### Given data ###
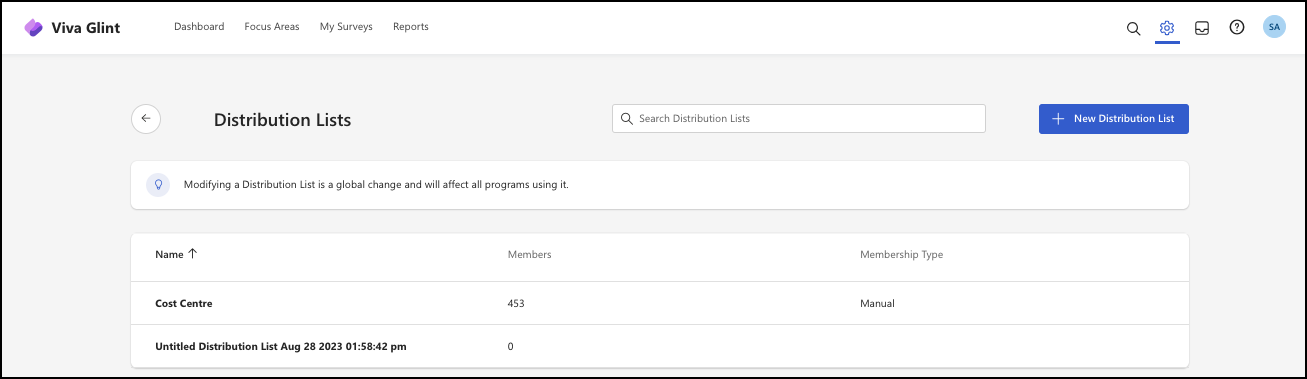 Screenshot of the Distribution List window.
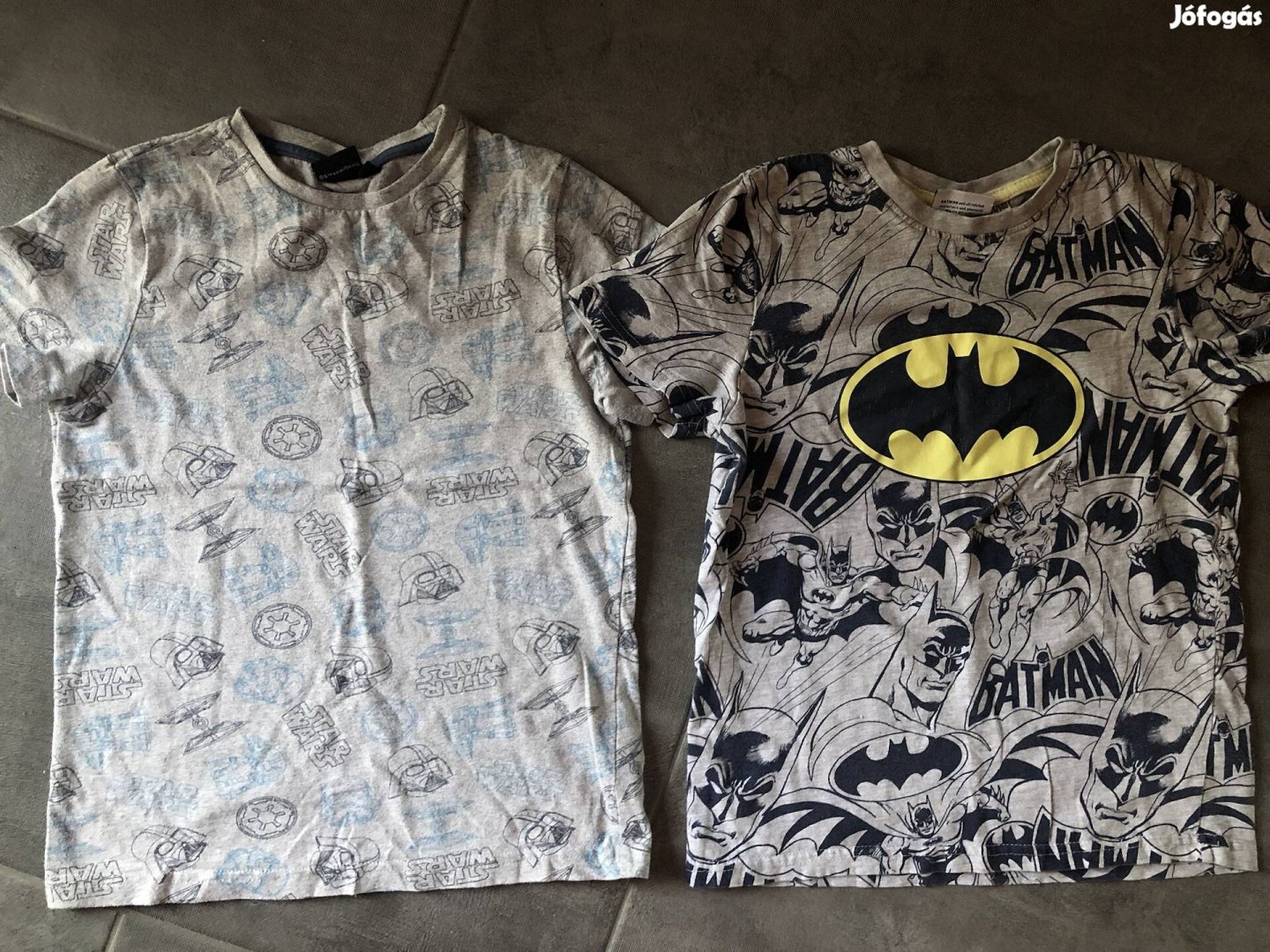134-es fiú szürke mintás pólók Batman, Star Wars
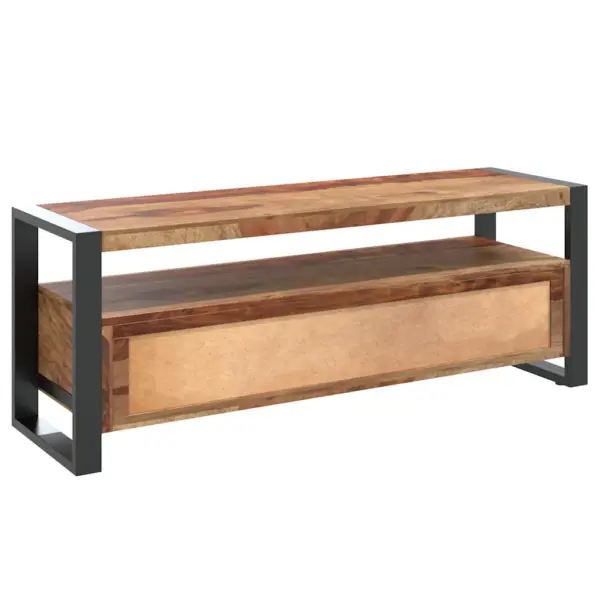 Akaatsiapuidust telerikapp kahe sahtliga, musta terasraamiga, 120 x 35 x 45 cm – 7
###
Copy the listing exactly but drop its images.

→ **Completed task**:
 Screenshot of the Distribution List window.
134-es fiú szürke mintás pólók Batman, Star Wars
 Akaatsiapuidust telerikapp kahe sahtliga, musta terasraamiga, 120 x 35 x 45 cm – 7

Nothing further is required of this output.